Forse è come sostiene lui, Donald Trump: c’è una grossa persecuzione giudiziaria in atto nei suoi riguardi, anche se è difficile dire da chi potrebbe essere coordinata, dato che ci sono casi in corso sia nello stato di New York, a maggioranza dem, sia in Georgia, dove pur essendoci due senatori democratici a Washington, la maggioranza statale è repubblicana. Ad ogni modo i continui guai giudiziari dell’ex presidente, pur non scalfendone la popolarità nei confronti della base, che anzi continua a vedere in lui un combattente contro l’establishment liberal percepito come ostile all’America profonda, stanno cominciando a creare qualche fastidio a suoi potenziali sostenitori.
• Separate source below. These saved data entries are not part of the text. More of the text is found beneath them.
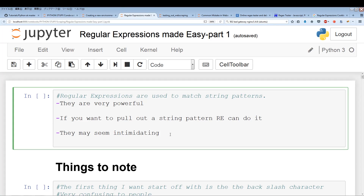What's going on guys? This is the start of a video series on regular expressions. This will be the first video, and I plan to cover a lot of the different methods and faculties of regular expressions.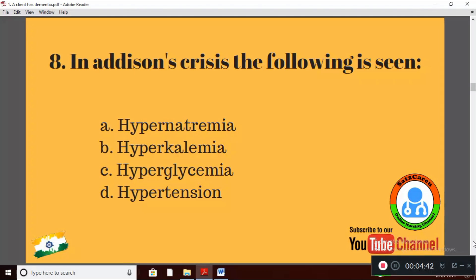Question 8: In Addison's crisis, the following is seen — Option A: hypernatremia; Option B: hyperkalemia; Option C: hyperglycemia; Option D: hypertension. The correct answer: in Addison's crisis you may note hyperkalemia. Option B is right.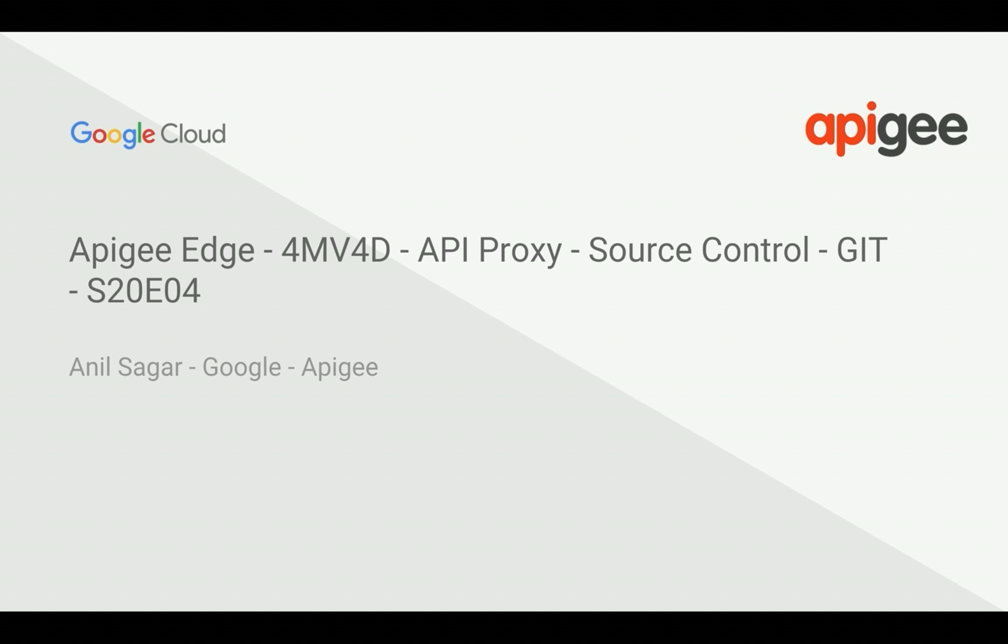In this 4-minute video for developers, we're going to see how to source control API proxy changes using Git. My name is Anil Sagar, I work at Google on the Apigee platform.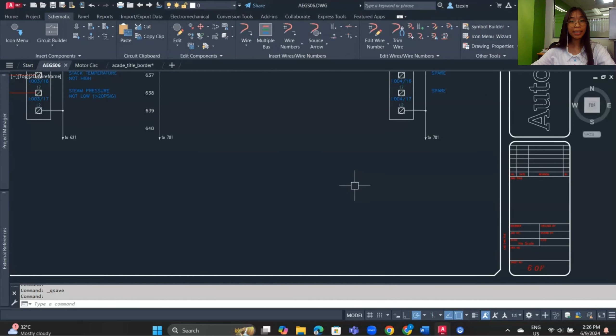Hi, welcome to our 11th free online course on AutoCAD Electrical training. For today's lesson we will learn about the reference file, title block, and template.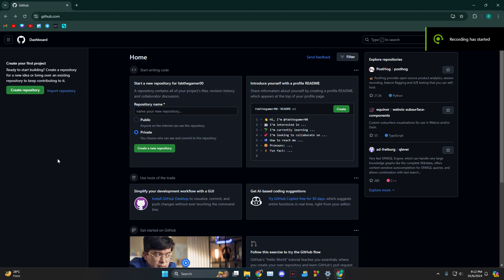Hey everyone, how's it going? Today I'm going to show you guys how to add a GitHub profile link in your resume.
I guai giudiziari che mettono nei guai l’ex presidente

Non soltanto perché ormai, pur avendo dominato con facilità il dibattito col pubblico alla Cnn, è difficile dire cosa Trump possa offrire agli indipendenti come visione alternativa di Paese a chi non vorrebbe dare il proprio voto a un presidente come Joe Biden, rivelatosi più radicale del previsto. Un candidato, Trump, che “vende” al proprio elettorato tutto ciò che vuole sentirsi dire, ma che ormai suona come un disco rotto. Ed ha una debolezza che gli viene proprio dalle aule giudiziarie che riguarda un segmento particolare, quello del voto delle donne professioniste che vivono nelle aree suburbane.
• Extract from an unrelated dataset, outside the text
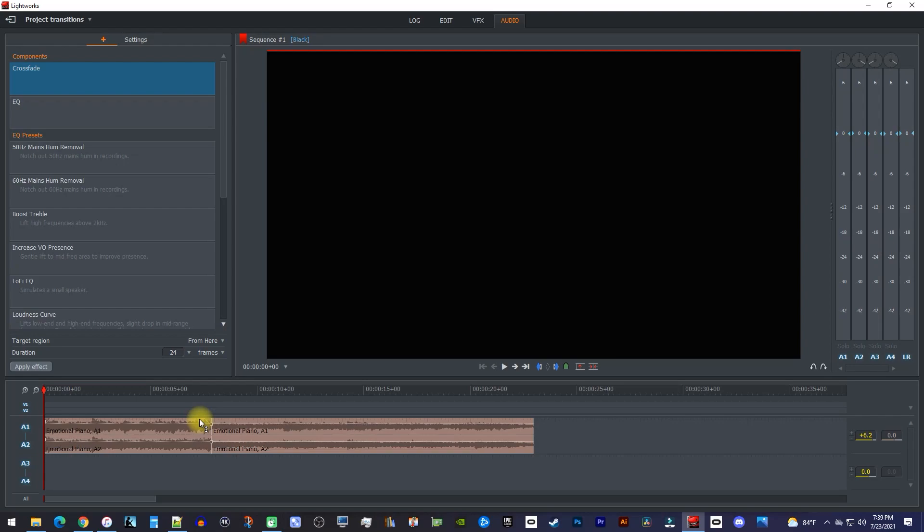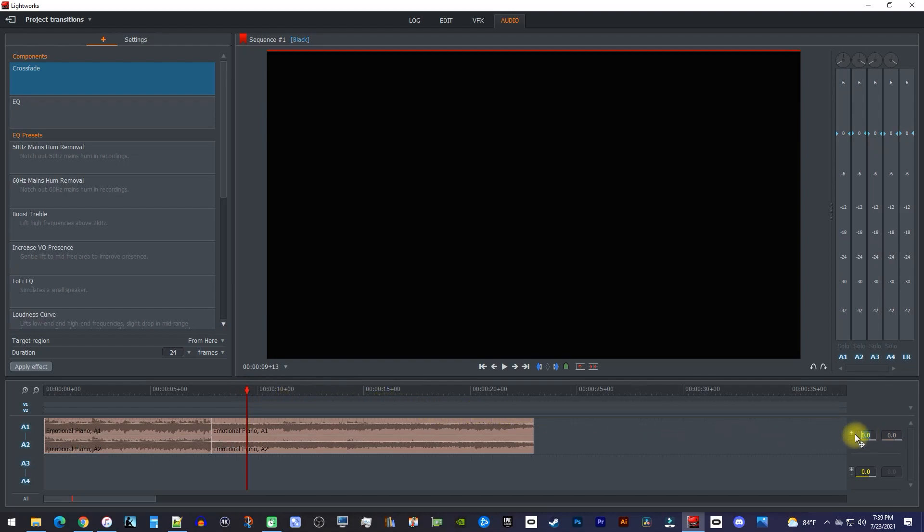If you'd rather change the volume of a clip manually, just position the playhead over the clip you'd like to change, and then change the number in the first box. Positive numbers will increase the volume, while negative will decrease it.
Difficilmente saranno convinte da un uomo che difende ancora il suo commento riguardante “afferrare le donne” per il loro organo genitale, emerso da una vecchia trasmissione televisiva o che è stato condannato a pagare cinque milioni di dollari di risarcimento alla giornalista Elizabeth Jean Carroll, che l’ha accusato di averla molestata in un camerino di un grande negozio newyorchese nel 1996. Non si parla di cose astratte per l’elettorato, come pressioni indebite per ribaltare le elezioni o potenziali frodi finanziarie, di cui francamente interessa poco all’opinione pubblica, ma di un atteggiamento che Trump difenderà fino alla fine, com’è nel suo stile aggressivo e scarsamente accomodante.
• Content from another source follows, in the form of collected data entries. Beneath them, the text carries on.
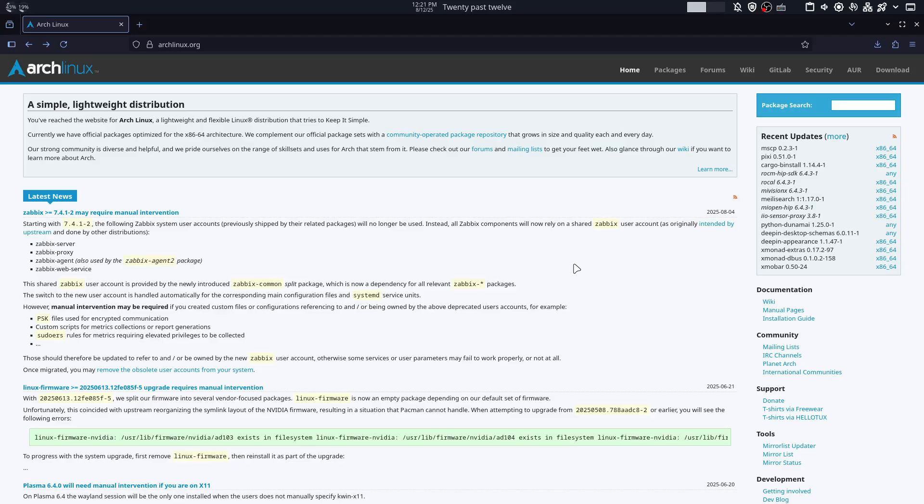If you don't know what that means, the AUR is basically a community-driven repository for Arch Linux users. It contains user-submitted packages that allow users to compile and install software not available in the official Arch repository. If you're an Arch user, you know how cool the AUR actually is.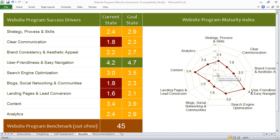When a new visitor hits your website for the first time, they can usually tell within a few seconds whether or not they like what they see. As a business owner, we want to try and understand why that is. So we've created a website program maturity assessment to help you evaluate different areas of your site, so that you can do some benchmarking and really understand where your weaknesses are.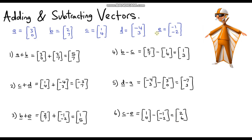That was the last question in this video on adding and subtracting vectors. I'm going to do one more video which involves some slightly trickier sums and a bit of problem solving, so hopefully you'll join me for that. Thanks for watching, take care.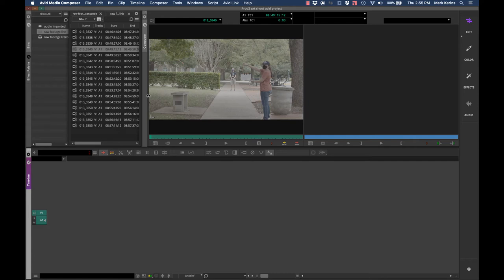Hey everyone, this is one of two tutorials walking you through the process of syncing your audio and video. This one's going to be in Avid. If you are cutting in Premiere and want to watch that one, there's a separate tutorial that walks through the same process in Premiere.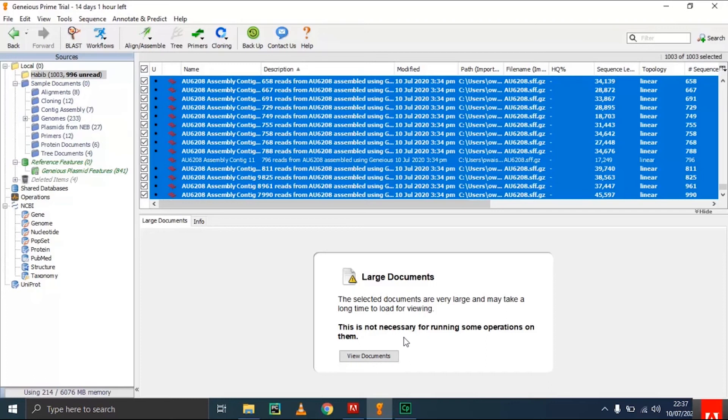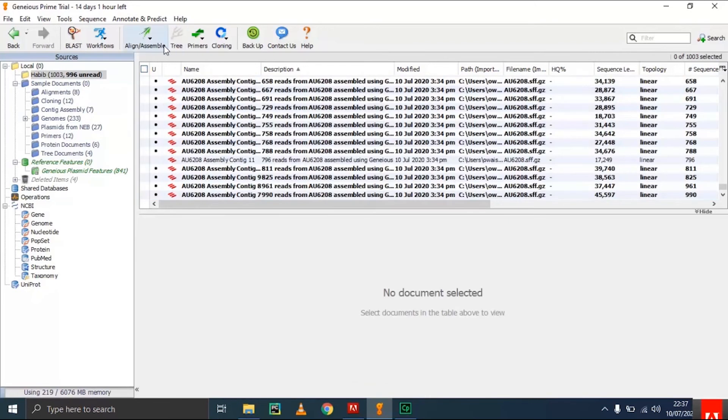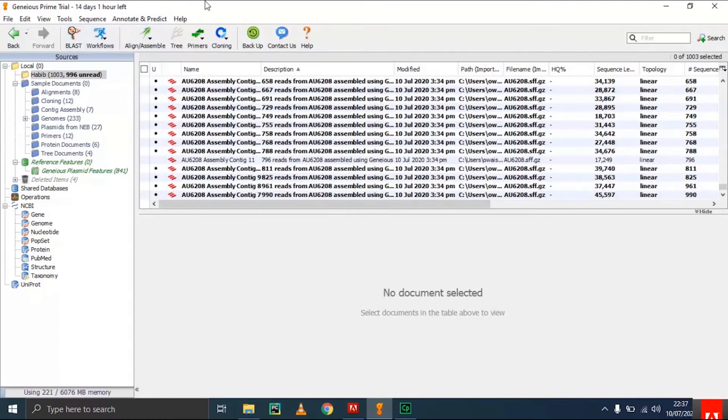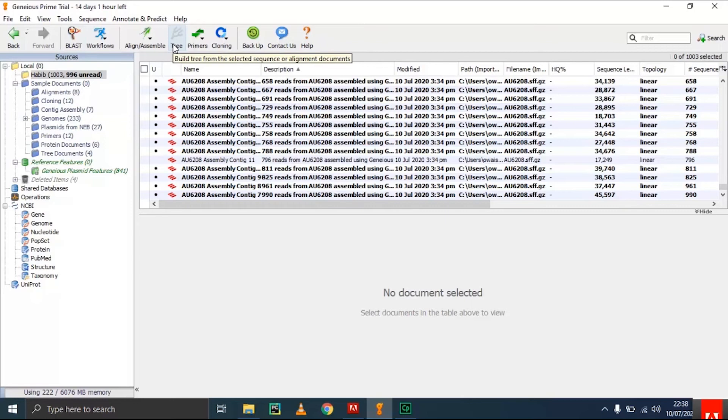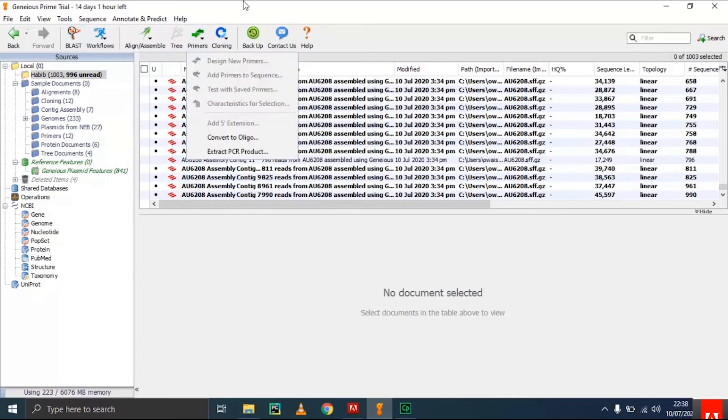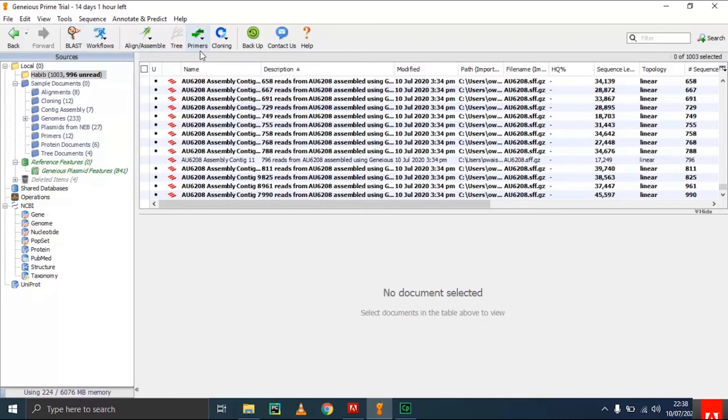There are some features: you can align the sequence, you can do BLAST, you can design a phylogenetic tree. However, you cannot design phylogenetic trees from this large dataset—there are few limitations which we will see in future upcoming videos. You can design primers, do cloning, and use different features.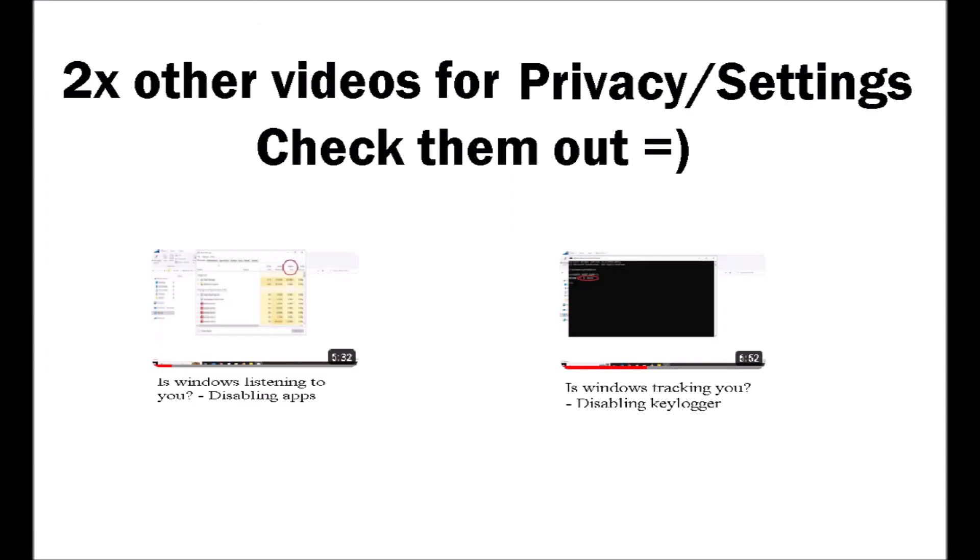I also highly recommend taking a look at all the aspects within privacy and settings and turning off what you do not wish to be on. I have two good videos on this: the first is Windows listening to you, the second is Windows tracking you. Check them out.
Chi sono i repubblicani contro Donald Trump

Se i candidati alle primarie repubblicane per le presidenziali del 2024 esitano a criticarlo (con la parziale eccezione dell’ex governatore dell’Arkansas Asa Hutchinson, che però ha possibilità quasi nulle di prevalere), lo stesso non si può dire dei senatori. Il leader del raggruppamento repubblicano Mitch McConnell, lo sappiamo, non sopporta l’ex presidente, con il quale non parla ormai da anni. Non ha rilasciato dichiarazioni, perché non ce n’è bisogno. Cosa che invece ha fatto il suo vice John Thune, del South Dakota, dicendo che Trump probabilmente costerà ai repubblicani il voto degli indipendenti. E senza di loro non si vince.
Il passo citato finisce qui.